Memory Utilisation - accounts processed

I’ve been looking at algod’s memory utilisation for version 2.1.3.stable since my node started to become very sluggish when running mainnet.

I started a new mainnet participant node and observed the memory utilisation. After it had processed a few thousand blocks of catchup all looked good. However, when I set it for Fast Catchup it quickly began to consume memory.

Before it got close to using all available RAM I aborted the Fast Catchup and the node continued to process blocks as before. At this point the algod process did not free up the memory it had grabbed to perform the Fast Catchup.

I gracefully stopped the node and, as expected, the algod processes stopped and freed up the memory.

I started the mainnet node again and it continued to process blocks in order to catch up but did not grab anywhere near as much memory as it had when it was in Fast Catchup mode.

If I leave the machine in Fast Catchup mode for long enough, it consumes all available memory and it thrashes the swap partition resulting in the Fast Catchup aborting due to timeouts.

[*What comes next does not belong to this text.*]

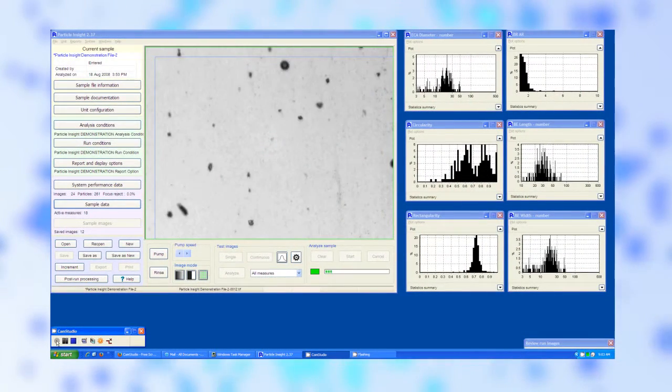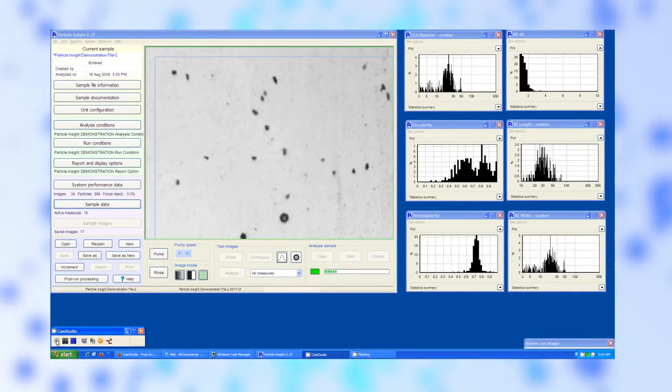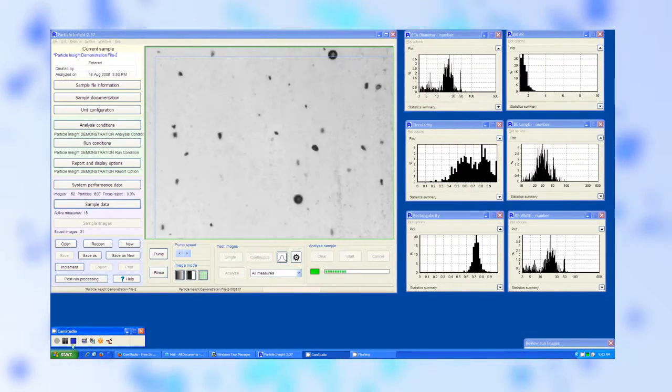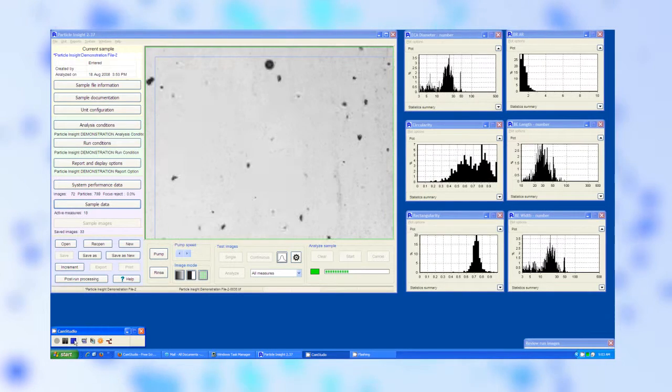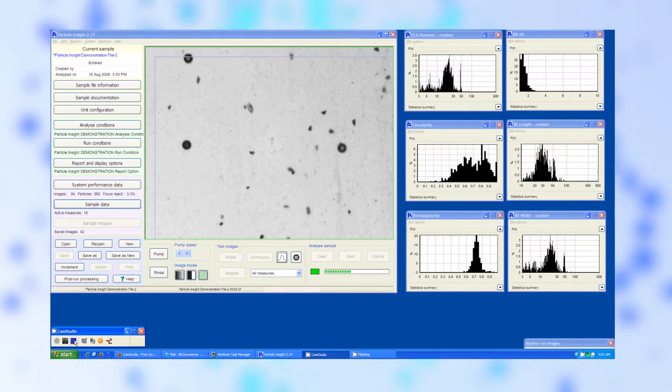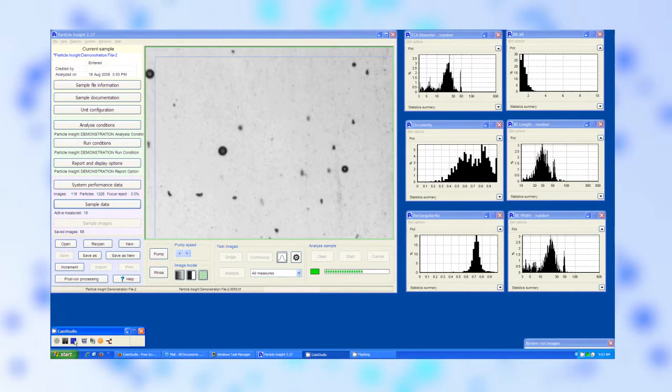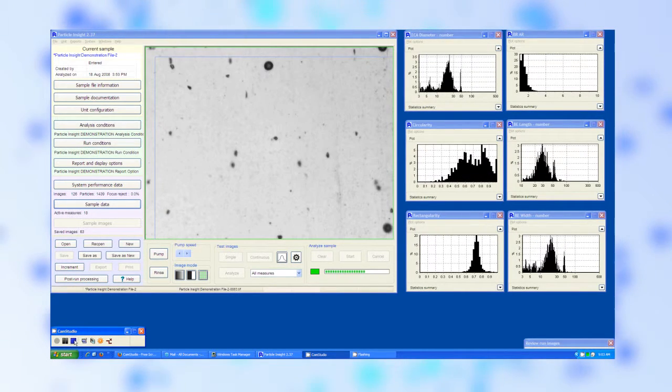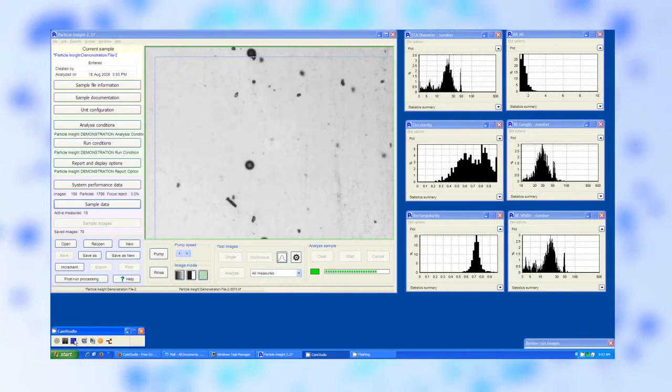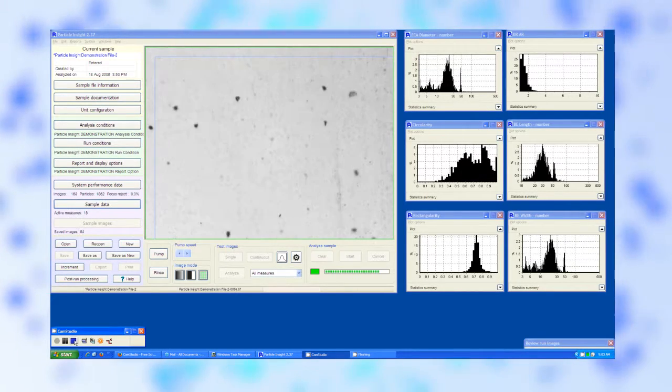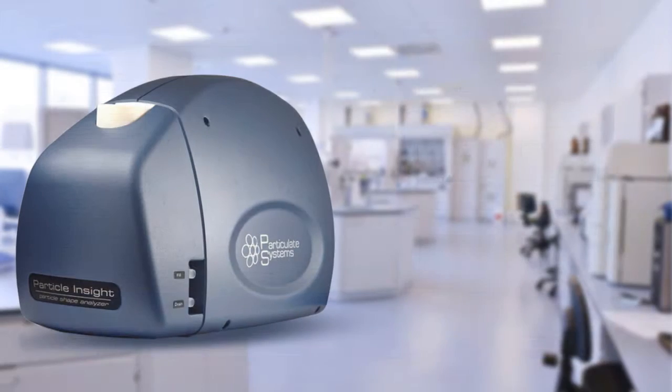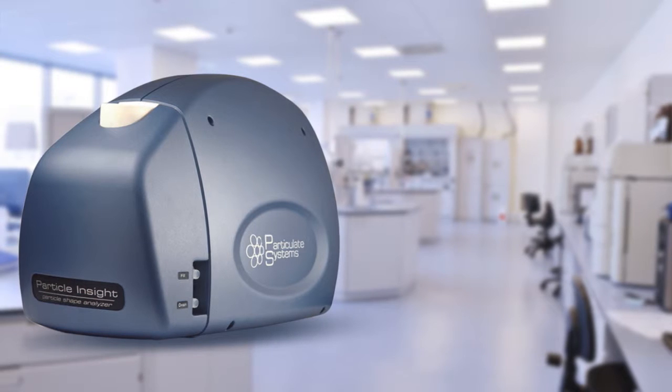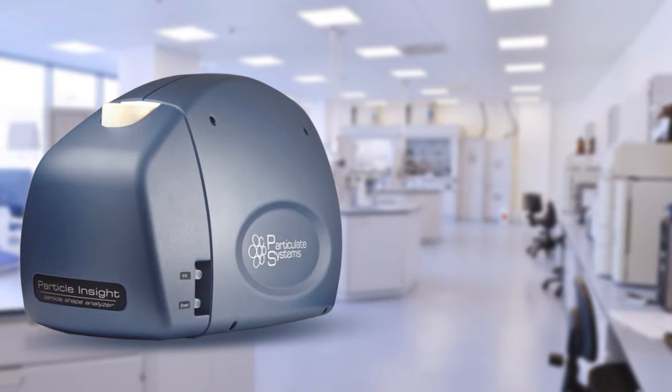Those images are then processed by highly specialized software that applies a vast library of factors to determine dimensions of the material and calculate size distributions based on those shape definitions. The Particle Insight uses a high definition camera to capture particle images and advanced software with 30 shape factors.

This post is not about the timeouts (I’ll look at that separately) but about memory utilisation and the number of “accounts”. For Fast Catchup, status is showing 4313466 “accounts”. As the “Catchpoint accounts processed” number increases so does the memory utilisation.

$ goal node status -d /var/lib/algorand -w 1000
Last committed block: 14465
Sync Time: 7.5s
Catchpoint: 8560000#JXTHWW5BRW7MDSPVHITBLYORCNUDTHIXZRIYOZYKHDHGU2WUXLZQ
Catchpoint total accounts: 4313466
Catchpoint accounts processed: 20480
Genesis ID: mainnet-v1.0
Genesis hash: wGHE2Pwdvd7S12BL5FaOP20EGYesN73ktiC1qzkkit8=

I’ve been trying out Fast Catchup on the testnet but have not seen it consume anywhere near as much memory.

It seems probable that there will be more “accounts” on mainnet than testnet.

I was testing a mainnet archival node a few days ago without using Fast Catchup and by the time it was within a few hundred thousand blocks of being caught up it had consumed all available memory. It seems possible that the amount of memory consumed by algod is proportional to the number of accounts associated with a network.

If the number of “accounts” on the mainnet continues to grow then we might assume that RAM utilisation will continue to increase across the whole installed node base. If unchecked, this could have a significant effect of the performance of the network.

Please tell me I’m wrong and that I’m missing something straight forward (like a configuration parameter to limit the DB’s ability to consume memory).

At this time there is no configuration parameter you could effectively use to lower the memory requirements of this feature. We’re looking into a solution for this issue.

Thanks - you’ll perhaps have already seen my observation in my “testnet fast catchup” post.